With the tremendous increase in the number of sequences accumulating from different sequencing projects, the number of such sequences may be substantially high because of the absence of any lipocalin hit in similarity-based searches. This explains the need for methods specific for lipocalin identification to complement such general similarity-based methods of protein annotation. Thus, we embarked upon exploring machine learning methods based on various protein features to facilitate lipocalin identification.
Performance of standalone SVM models
Performance of SVM classifiers for various combinations of training features, kernels, parameters and validation methods
Composition based SVM classifiers
We obtained accuracies of 69.20 and 74.83% in AAC-based SVM models with the linear and polynomial kernels respectively, and 75.16% with the RBF kernel (Table 1 and the Table in the additional file 1). The accuracies sharply increased with DPC usage and reached 79.80, 84.10 and 82.45% for the three kernels, respectively. However, the SSC model yielded the accuracies of 80.46 and 81.12% respectively with the linear and polynomial kernel whereas with RBF, the accuracy touched a striking high of 86.42% with an MCC of 0.726. The sensitivity and specificity of this model were also appreciably high at 86.02 and 86.74% respectively. The remarkably better performance of SSC vs AAC and DPC models is congruent with the known structural conservation albeit the high sequential heterogeneity of lipocalins.

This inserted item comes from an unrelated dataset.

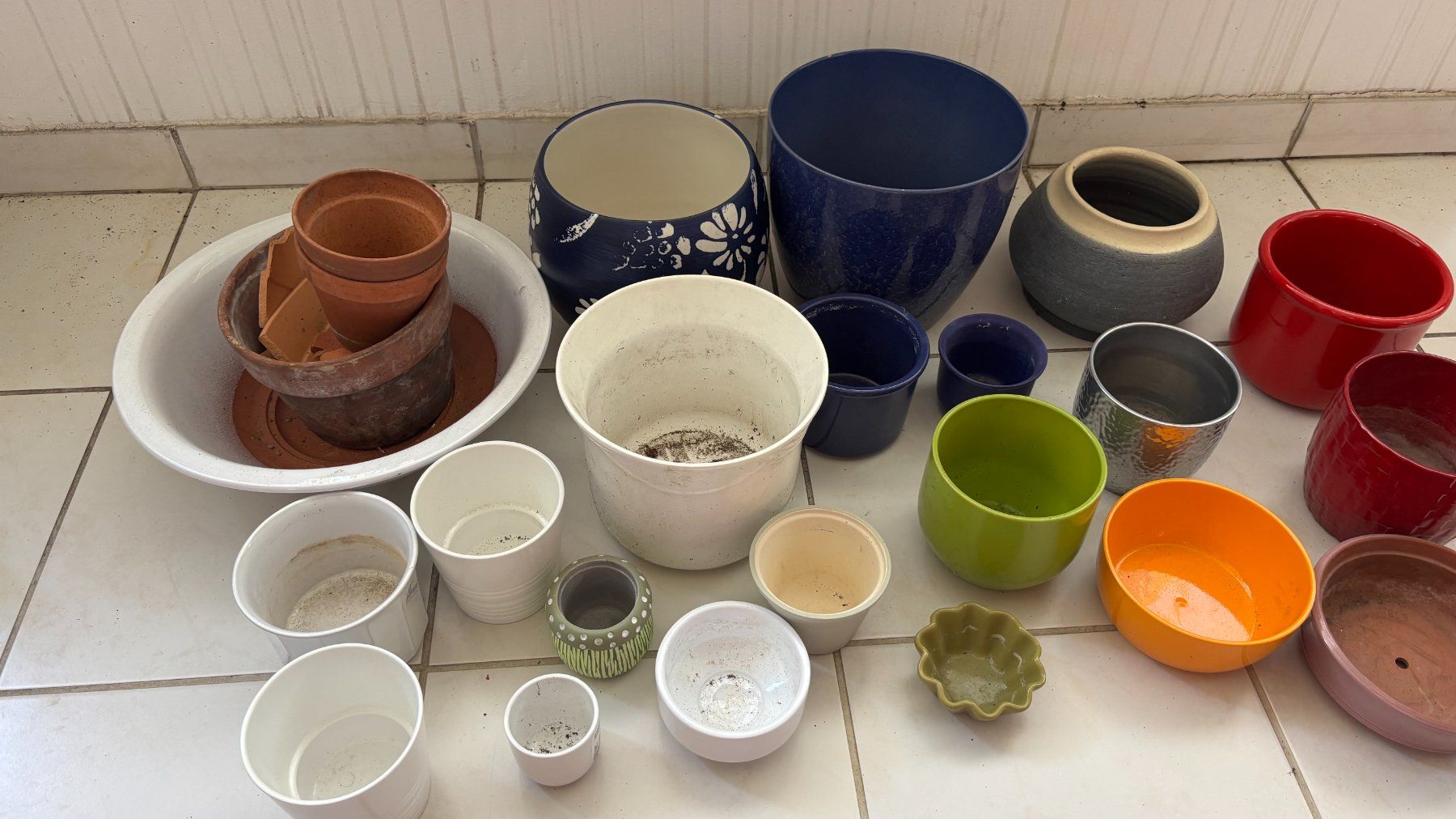 Blumentöpfe: Blumentöpfe - Übertopf - Diverse Grössen und Farben – Gebraucht aus Rheinfelden von sabine0101 1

PSSM profile based SVM classifier
PSI-BLAST derived PSSM profiles captures useful information about the residue composition as well as conservation of residues at crucial positions within the protein sequence, because in evolution the amino acid residues with similar physico-chemical properties tend to be highly conserved due to selective pressure. PSSM profiles have been used as SVM input feature for a number of classification problems, e.g. prediction of sub-cellular localization , nucleic acid binding proteins , etc.

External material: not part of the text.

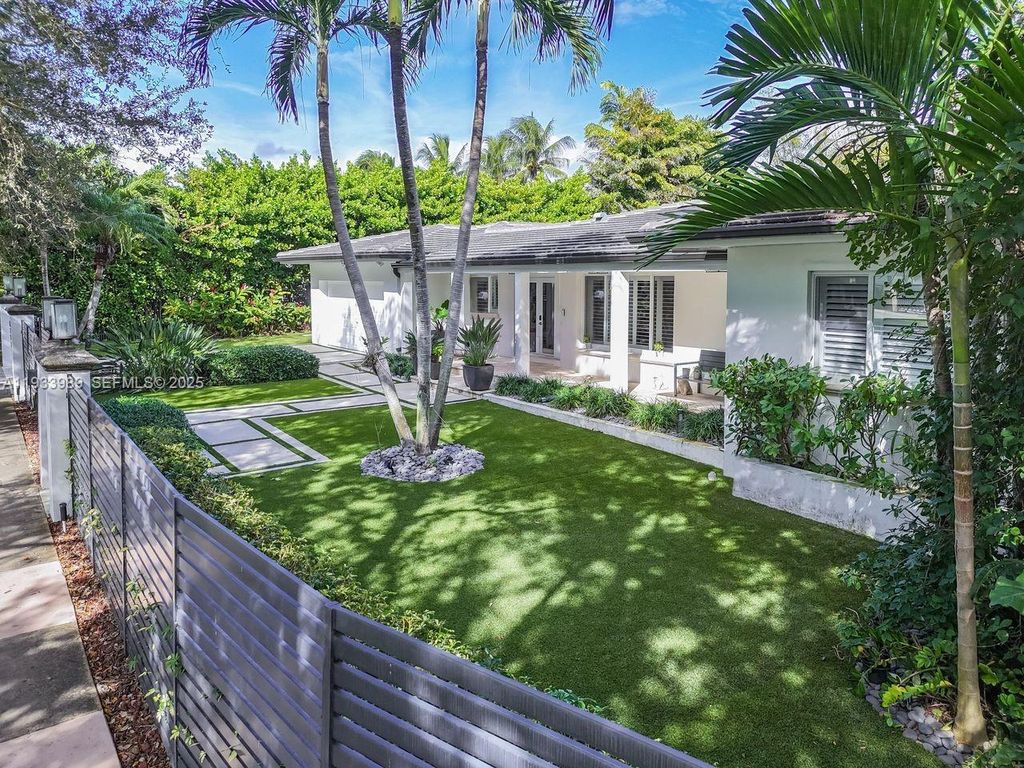 Image 28 of property listing at 6511 Riviera Dr, Coral Gables, FL 33146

We used the PSSM profile, normalized using the logistic function (See Methods) for developing an SVM module. The PSSM profile-based model yielded maximal accuracies of 85.43 and 87.41% respectively with linear and polynomial kernels respectively, and a remarkably high accuracy of 89.40% with the RBF kernel, with the sensitivity and specificity of 89.70 and 89.15% along with an MCC of 0.786.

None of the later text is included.